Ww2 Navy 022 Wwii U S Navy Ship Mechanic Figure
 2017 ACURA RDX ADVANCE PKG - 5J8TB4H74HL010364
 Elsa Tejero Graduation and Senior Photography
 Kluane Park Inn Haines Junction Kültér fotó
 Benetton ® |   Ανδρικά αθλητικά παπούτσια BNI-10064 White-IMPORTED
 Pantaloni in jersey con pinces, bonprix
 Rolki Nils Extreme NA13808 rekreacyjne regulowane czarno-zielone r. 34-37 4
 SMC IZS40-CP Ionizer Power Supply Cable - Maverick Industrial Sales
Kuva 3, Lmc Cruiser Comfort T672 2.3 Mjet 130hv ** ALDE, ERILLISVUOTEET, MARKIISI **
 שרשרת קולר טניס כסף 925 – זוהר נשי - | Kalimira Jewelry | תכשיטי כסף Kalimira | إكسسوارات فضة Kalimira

+ + +

(EXERCISE)
Please repeat the material above word for word.

(TASK RESULT)
Ww2 Navy 022 Wwii U S Navy Ship Mechanic Figure
 2017 ACURA RDX ADVANCE PKG - 5J8TB4H74HL010364
 Elsa Tejero Graduation and Senior Photography
 Kluane Park Inn Haines Junction Kültér fotó
 Benetton ® |   Ανδρικά αθλητικά παπούτσια BNI-10064 White-IMPORTED
 Pantaloni in jersey con pinces, bonprix
 Rolki Nils Extreme NA13808 rekreacyjne regulowane czarno-zielone r. 34-37 4
 SMC IZS40-CP Ionizer Power Supply Cable - Maverick Industrial Sales
Kuva 3, Lmc Cruiser Comfort T672 2.3 Mjet 130hv ** ALDE, ERILLISVUOTEET, MARKIISI **
 שרשרת קולר טניס כסף 925 – זוהר נשי - | Kalimira Jewelry | תכשיטי כסף Kalimira | إكسسوارات فضة Kalimira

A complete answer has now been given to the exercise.